§ TASK DETAILS: The listing below should be written out word for word, with its pictures removed.

### PROVIDED DATA

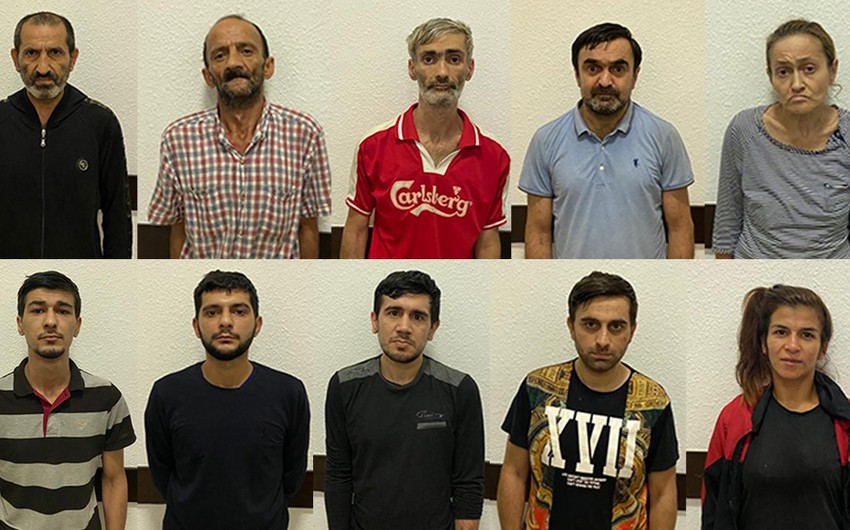 “Papanin” və “Kubinka”da narkotikə görə 10 nəfər saxlanılıb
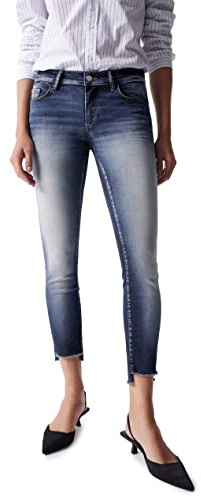 Salsa Vaqueros Wonder Push UP Cropped Lavado Premium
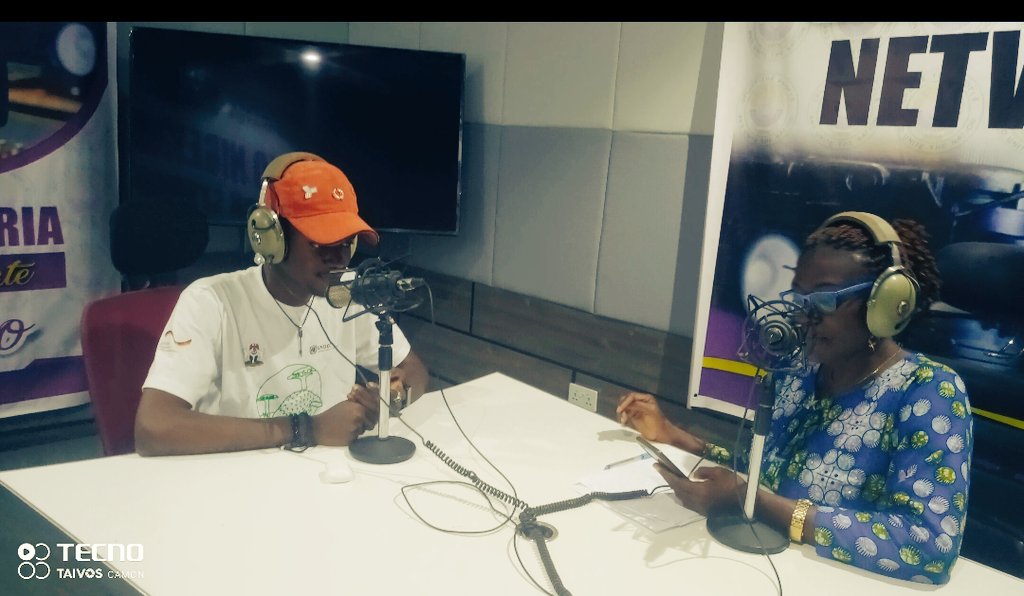 lasisi_x's tweet photo. I was invited to speak on Federal Radio Corporation Nigeria, after speaking on a High-Level panel commemorating #UNDAY2024.  I was delighted to speak on the #PactfortheFuture &amp; the amazing work @unodcnigeria  🇺🇳 does mentoring &amp; building capacity of youths like me through its ... https://t.co/jGSiNbgbPg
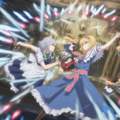 V4フル版　東方　アリス　咲夜　弾幕ごっこ 3枚目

######

§ RESULT:
 “Papanin” və “Kubinka”da narkotikə görə 10 nəfər saxlanılıb
 Salsa Vaqueros Wonder Push UP Cropped Lavado Premium
 lasisi_x's tweet photo. I was invited to speak on Federal Radio Corporation Nigeria, after speaking on a High-Level panel commemorating #UNDAY2024.  I was delighted to speak on the #PactfortheFuture &amp; the amazing work @unodcnigeria  🇺🇳 does mentoring &amp; building capacity of youths like me through its ... https://t.co/jGSiNbgbPg
 V4フル版　東方　アリス　咲夜　弾幕ごっこ 3枚目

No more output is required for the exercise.